OCCUPY BIG LAW

The encampments are gone, but Occupy Wall Street leaves behind a slogan that should make any history student shudder and some big law leaders squirm:

“We’re the 99-percenters.”

It’s not a leftist fringe rant. During a recent Commonwealth Club of California appearance, presidential debate moderator Jim Lehrer said that, if becoming President turned on the answer to a single question, he’d pose this one to every candidate:

“What are you going to do about the growing disparity of wealth in the United States of America?”

Once-great civilizations collapsed under such weight. A similar internal phenomenon is quietly weakening some mighty law firms.

Destabilizing trends

“Don’t redistribute wealth — that’s class warfare” has become a popular rhetorical rallying cry. (See, for example, the Wall Street Journal‘s lead editorials on December 2  and 7.) But a stealth class war has already produced massive economic redistribution — from the 99-percenters to the one-percenters.
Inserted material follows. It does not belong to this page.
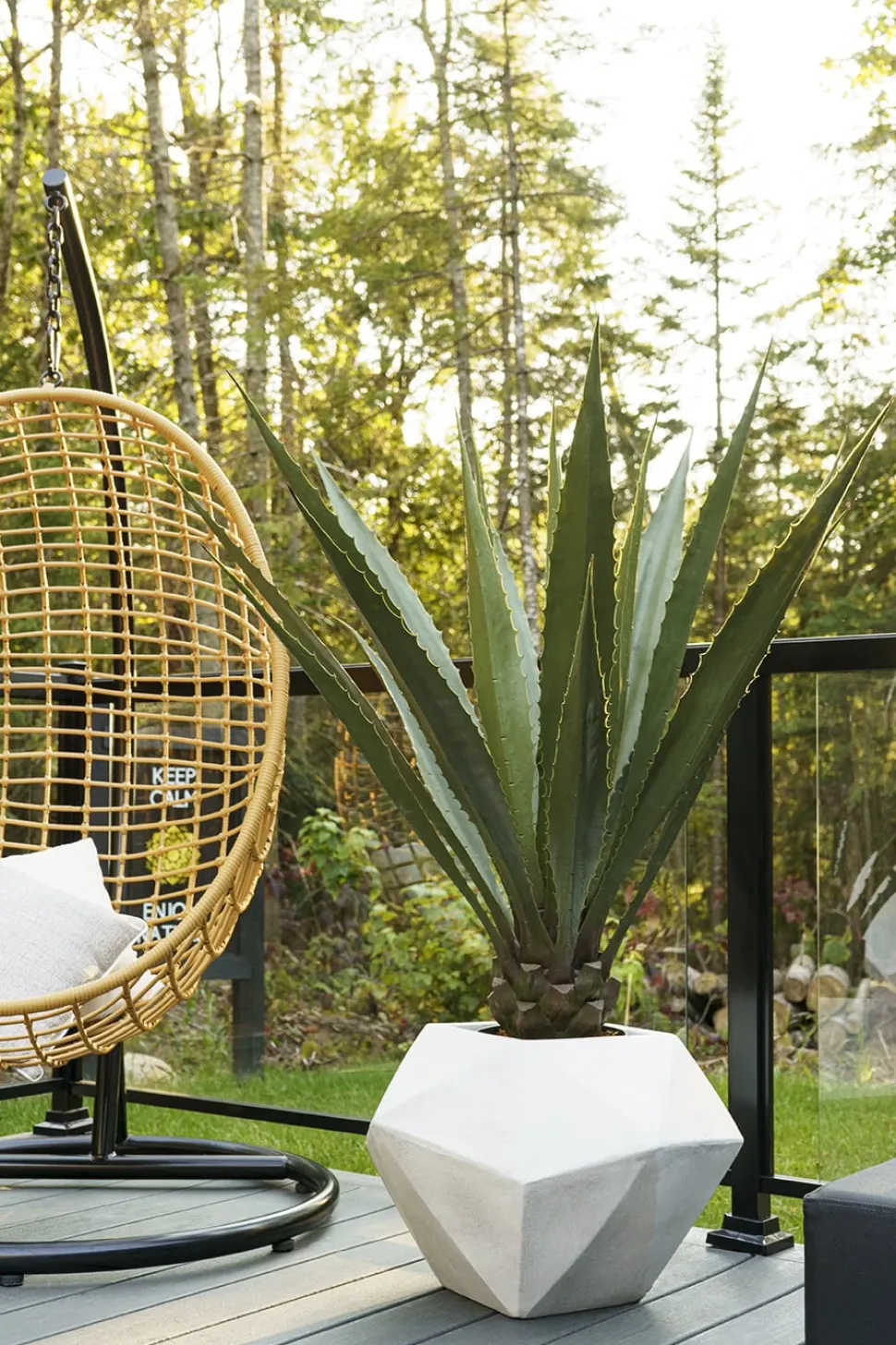 Plante artificielle extérieure, agave américana, 53″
Nobel laureate Joseph Stiglitz writes in Vanity Fair that the top one percent control 40 percent of the nation’s wealth — up from 33 percent 25 years ago. In a recent interview, Jeffrey Winters of Northwestern University notes: “[In America], wealth is two times as concentrated as imperial Rome, which was a slave and farmer society. That’s how huge the gap is.”

Both Winters and Stiglitz suggest that today’s oligarchs use wealth to preserve power. One effective tactic is to encourage the pursuit of dreams that, for most 99-percenters, are largely illusory. My favorite New Yorker cartoon is a bar scene with a scruffy man in a T-shirt telling a well-dressed fellow patron: “As a potential lottery winner, I totally support tax cuts for the wealthy.”
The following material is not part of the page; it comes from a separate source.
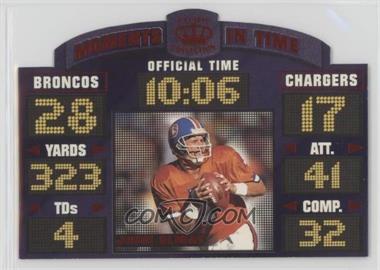 1996 Pacific Litho-Cel - Moments in Time #MT-8 - John Elway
For today’s young attorneys, one largely illusory dream has become the brass ring of a big firm equity partnership atop the leveraged pyramid.

Big law winners

So far, wealthy lawyers have avoided public outrage. But between 1979 and 2005, the top one percent of attorneys doubled their share of America’s income — from 0.61 to 1.22 percent. For the Am Law 50, average equity partner profits soared from $300,000 in 1985 ($630,000 in today’s dollars) to $1.5 million in 2010.

Even so, the really big gap — in society and within large law firms — is inside the ranks of the privileged, and it has been growing. By one estimate, the top one-tenth of one percent of Americans captured half of all gains going to the top one percent. Similarly, management consultant Kristin Stark of Hildebrandt Baker Robbins observes that before the recession, the top-to-bottom ratio within equity partnerships “was typically five-to-one in many firms. Very often today, we’re seeing that spread at 10-to-1, even 12-to-1.”

So what?

Meritocracies are vital and valuable, but for nations as well as for institutions, extreme income inequality reveals something about the culture that produces it. A recent study found that only three nations in the Organization for Economic Cooperation and Development — Chile, Mexico and Turkey — have greater income inequality than America. Perhaps it’s coincidental, but all OECD countries with less inequality — including Norway, Denmark, Sweden, Switzerland, Canada, Germany, Austria, and Britain — likewise surpass the U.S. in almost every quality of life measure.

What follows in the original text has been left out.